I have the following in program.cs:
public class Program {
public static void Main(string[] args) {
CreateWebHostBuilder(args).Build().Run();
}
public static IWebHostBuilder CreateWebHostBuilder(string[] args) =>
WebHost.CreateDefaultBuilder(args)
.UseSerilog((ctx, config) => { config.ReadFrom.Configuration(ctx.Configuration); })
.UseStartup<Startup>();
}
And in appsettings.json:
{
"Serilog": {
"MinimumLevel": {
"Default": "Information",
"Override": {
"Default": "Information",
"Microsoft": "Information",
"System": "Information"
}
},
"WriteTo": [
{
"Name": "RollingFile",
"Args": {
"pathFormat": "log-{Date}.txt",
}
}
]
},
"AllowedHosts": "*"
}
In the controller, I write out a log _logger.LogWarning("foo");
, but the file is not written out anywhere, there aren't any error that I can see.
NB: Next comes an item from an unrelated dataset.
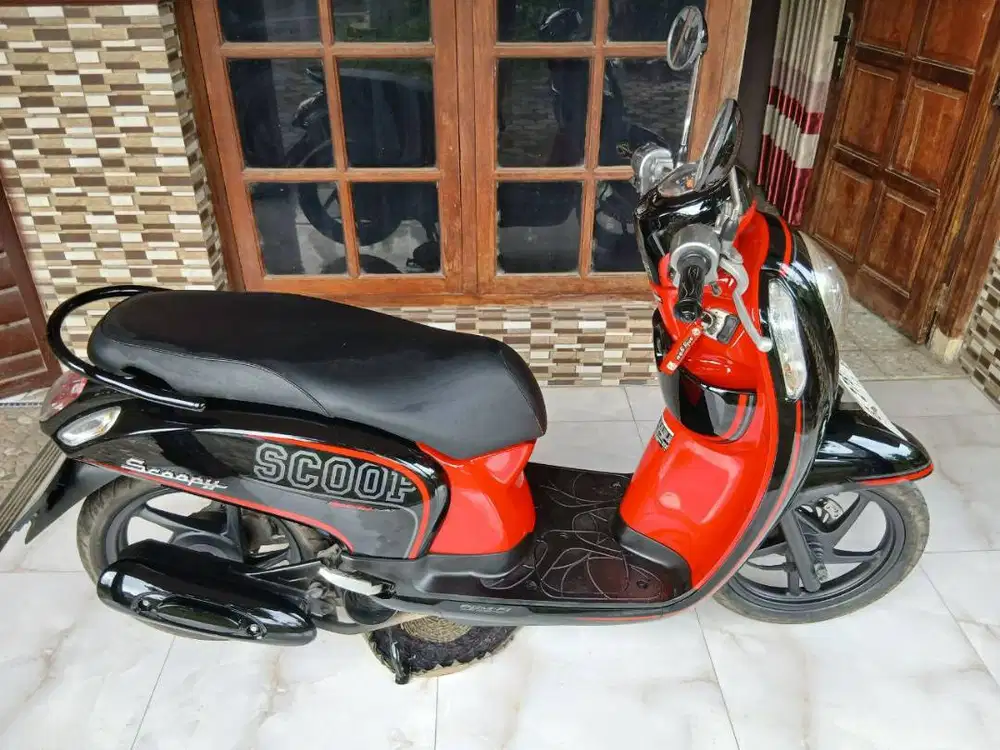 HONDA SCOOPY 2014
I've imported following packages from Nuget: Serilog, Serilog.AspNetCore, Serilog.Settings.Configuration, Serilog.Sinks.RollingFile.
What am I missing?
Upvotes: 8
Views: 12674
Reputation: 5762
I posted the original answer assuming the problem was the lack of the Using
property in the Serilog configuration. I always had it in my projects and it was the only thing missing in OP's settings. But, after posting the answer I tried different configuration alternatives, including the same as in the question and the logs were still being produced. Reading more, I found out that the Using
property is not necessary. From the serilog-settings-configuration
package:
(This package implements a convention using DependencyContext to find any package with Serilog anywhere in the name and pulls configuration methods from it, so the Using example above is redundant.) Source: https://github.com/serilog/serilog-settings-configuration
As it turns out (see question comments) the real issue was log file location and write permissions. Code-wise everything was already working.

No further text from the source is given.